In light of the prior “doing justice” what can we say about the practices of philosophy and the intimate universal? While philosophers have always been overtly concerned with justice, in many approaches this has much to do with power, its expression, circulation, and governance. One recalls the identification of might and right we find, for instance, in Thrasymachus. Here we witness the hypertrophy of the conatus essendi—the overriding of the passio essendi in the sense of primal reception, and instead all passion and endeavor are poured into will to power, blunt or devious as circumstances dictate. True justice does have to do with the good governance of power, the determinate distribution and balance of powers, the correction of overweening powers. The inseparability of justice and power has itself much to do with what is most intimate to our being, whether seen individually or communally. Individually, there is an elemental truth in the understanding of human beings as will and will to power. I connect this with the intimate upsurge of what is implicit in the endeavor to be: self-affirmation, self-expression, self-assertion, over others in certain circumstances. Communally: a many is marked by a general eros, and this too communicates itself as a shared expression of will and will to power: (p.138) a way of social life whose very living is sustained by its communal will to be itself.
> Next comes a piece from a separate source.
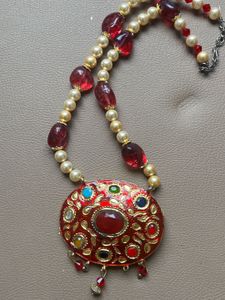 Handmade Meena Necklace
The sources of individual and social will are in the intimacy of being, though they flower in the space of a potentially more general, even universal communality. The promise of the intimate universal insinuates itself in the expression, circulation, and governance of will to power. The question of justice implicates the fitting measure of power, the moderation of destructive power, the appropriate fulfillment of enabling power(s). The issue of injustice is not the betrayal of power, but the betrayal of the promise of power. There is an intimate promise to power, power that finally is rooted in the power of the “to be.” In light of the primal affirmation explored above, we cannot avoid the question whether the power of the “to be” is the power of the good or of the “to be” as good.14 This is easier said than understood. Injustice has no power in itself—not if injustice is the betrayal of the promise of power. Without power, the power of the “to be” that allows an unjust man or society to be thus or thus, injustice would be nothing at all. The intimate universal as enabling “doing justice” is not first a project we construct but the promise of a patience we first receive, and out of which we endeavor to redeem a promise in our constructive response.
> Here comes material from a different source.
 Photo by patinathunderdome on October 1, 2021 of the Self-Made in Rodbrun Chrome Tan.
I take Socrates to offer a rejoinder to Thrasymachus throughout the fuller length of the Republic by showing that without justice as a condition of being, the power of injustice as a betrayal of power would not itself be possible. Without the presupposition of some condition of ontological togetherness or harmony, even crime is impossible. A gang of criminals cannot function as such without some harmony, however minimal or flawed, between them (Republic, 351c–d). There is an idiocy to injustice that points back to an intimacy of being and a kind of trust in the justice of (some) others, more primordial than injustice itself.
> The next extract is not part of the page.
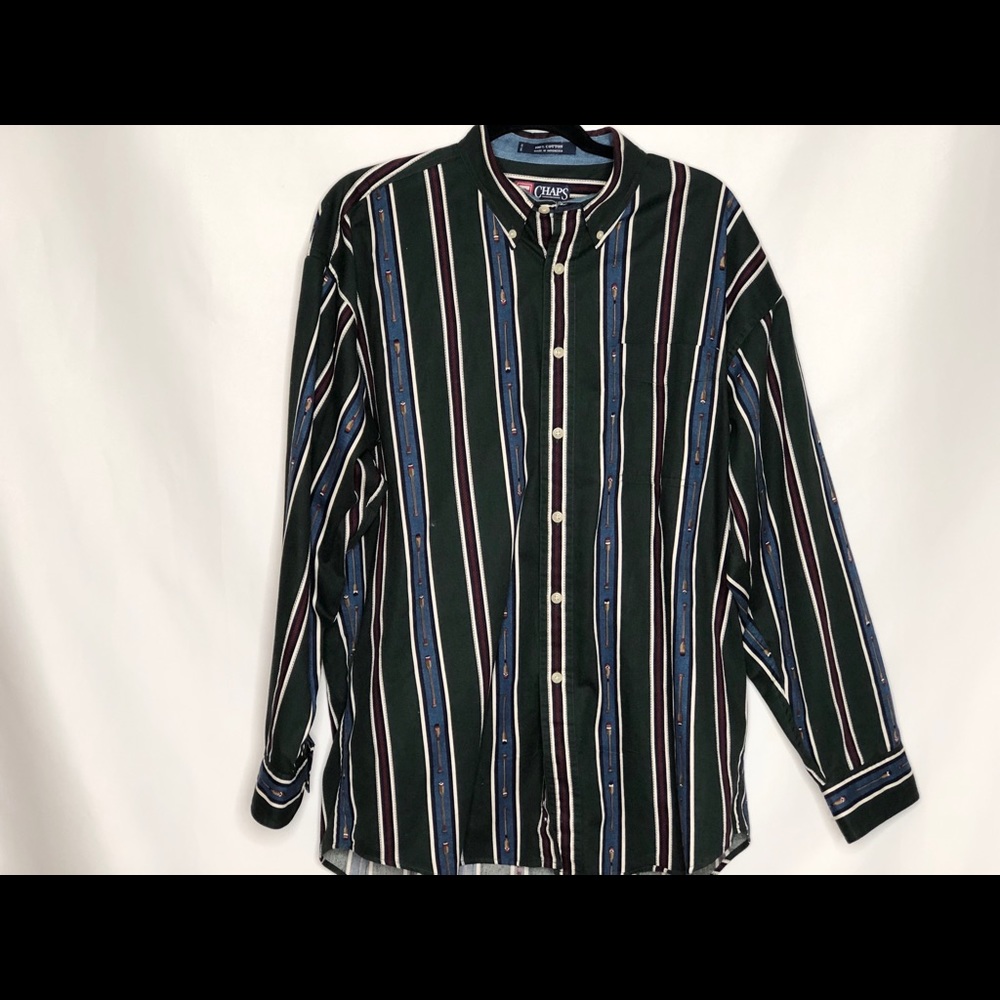 Multi-Colored Stripped Chaps Ralph Lauren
The patience of being suggests that there is a justice that is a condition of being more primal than the exercise of power as an expression of being. Moreover, the doing of justice has to do with our condition of being as marked by more than will to power. This means we have to modify those modern theories of justice that tend to take more account of the will to power of endeavoring protagonists and, in a minor key, the passio of those lacking power. The standard of reference here tends to be the possession of power. Hence to the justice of the patient justice itself is not always done. Nor is justice done to the power of the good of the (p.139) “to be.”15 If my reflections to this point are not entirely untruthful, we need to consider this patience again at a deeper level than the usual duality of activity and passivity that often defines our understanding of the (social) endeavor to be.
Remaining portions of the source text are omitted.